● **THE TASK**
Produce a word-for-word copy of the lines from the one that contains "Mothers Day Card" to the final line of the data below, with all pictures dropped.

● **MATERIAL PROVIDED**
____
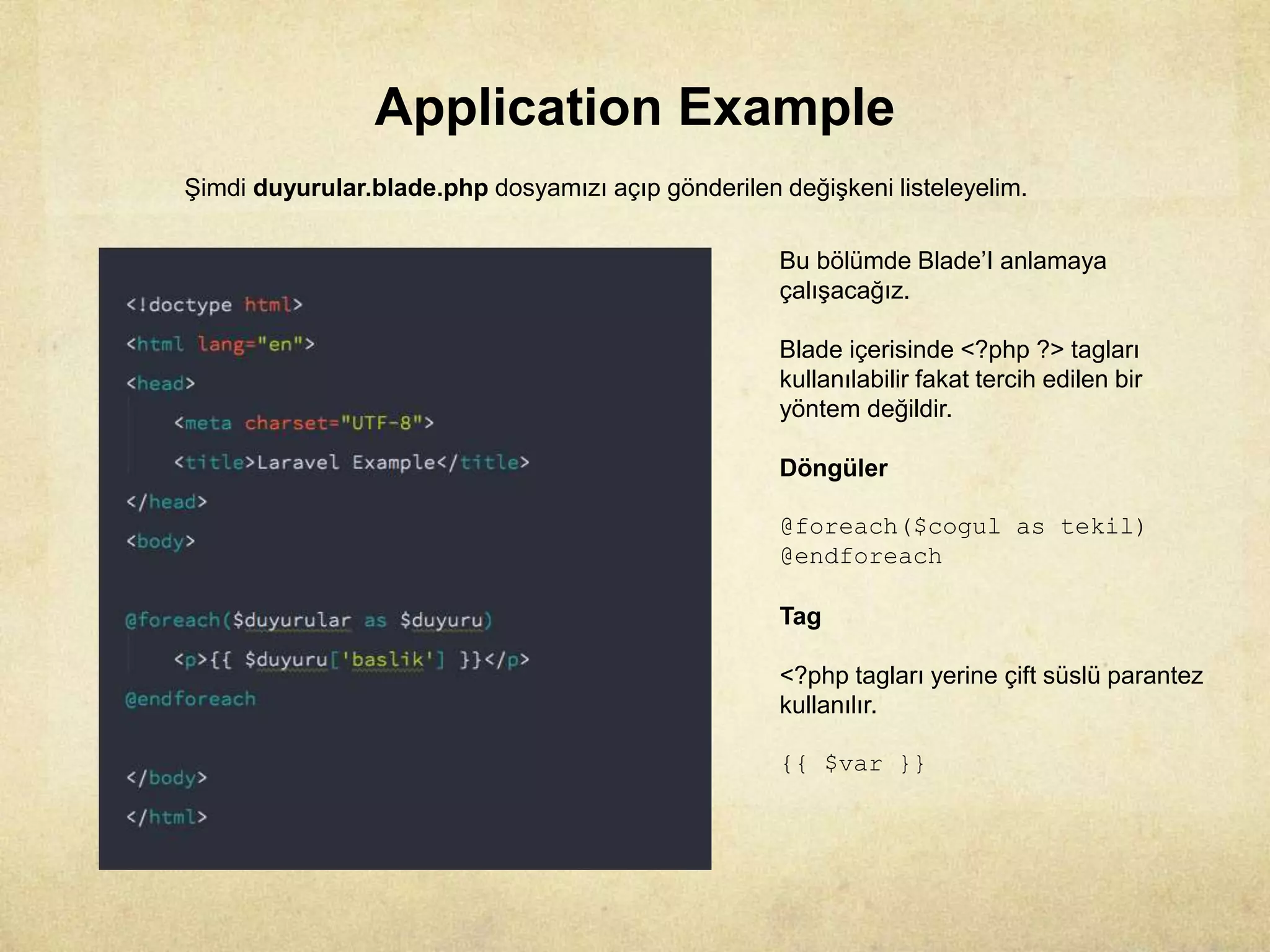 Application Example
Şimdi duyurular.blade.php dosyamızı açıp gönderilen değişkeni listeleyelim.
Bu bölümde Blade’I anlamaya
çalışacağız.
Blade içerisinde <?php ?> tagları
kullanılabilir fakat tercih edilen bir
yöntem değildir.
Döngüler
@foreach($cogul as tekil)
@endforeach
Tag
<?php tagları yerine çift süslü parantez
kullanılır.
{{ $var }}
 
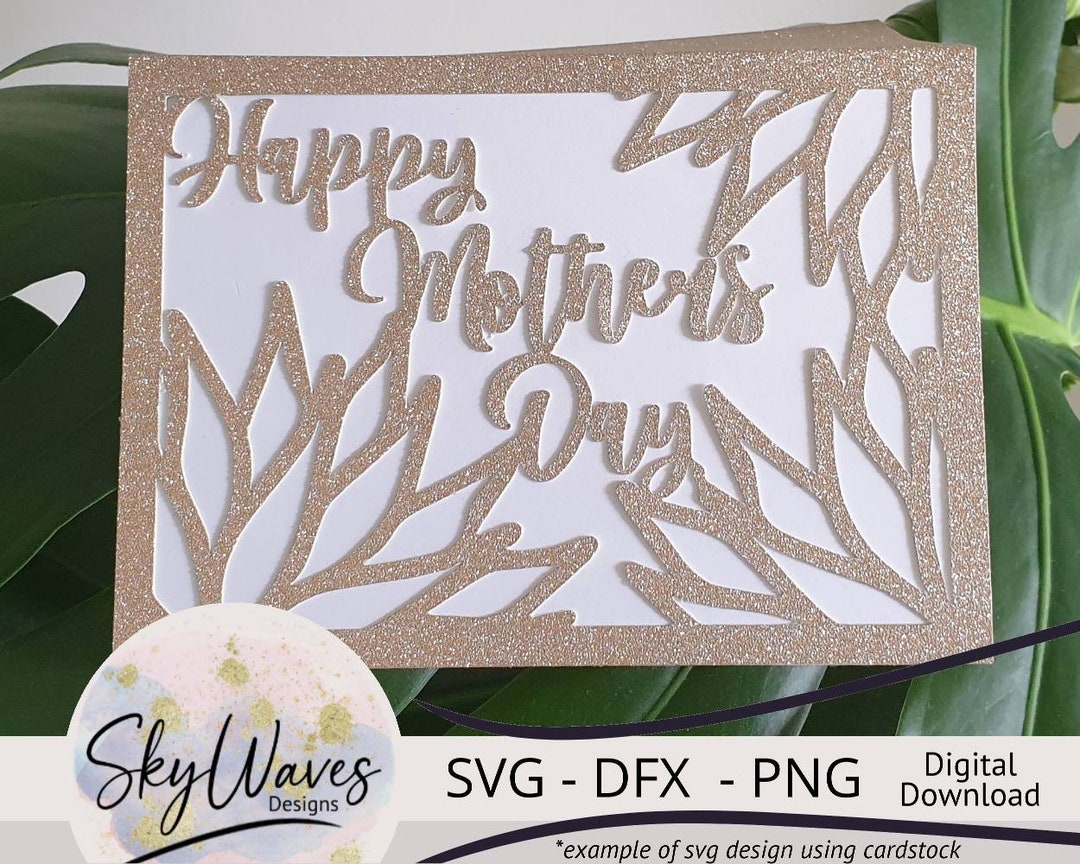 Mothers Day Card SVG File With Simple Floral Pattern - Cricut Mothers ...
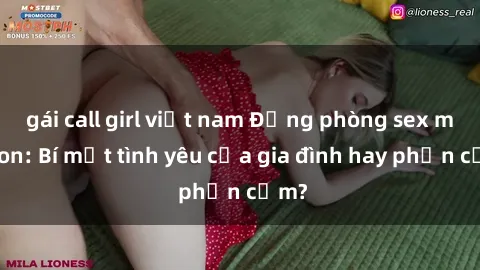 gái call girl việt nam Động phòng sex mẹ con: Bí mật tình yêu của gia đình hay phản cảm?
____
● **TASK SOLUTION**
 Mothers Day Card SVG File With Simple Floral Pattern - Cricut Mothers ...
 gái call girl việt nam Động phòng sex mẹ con: Bí mật tình yêu của gia đình hay phản cảm?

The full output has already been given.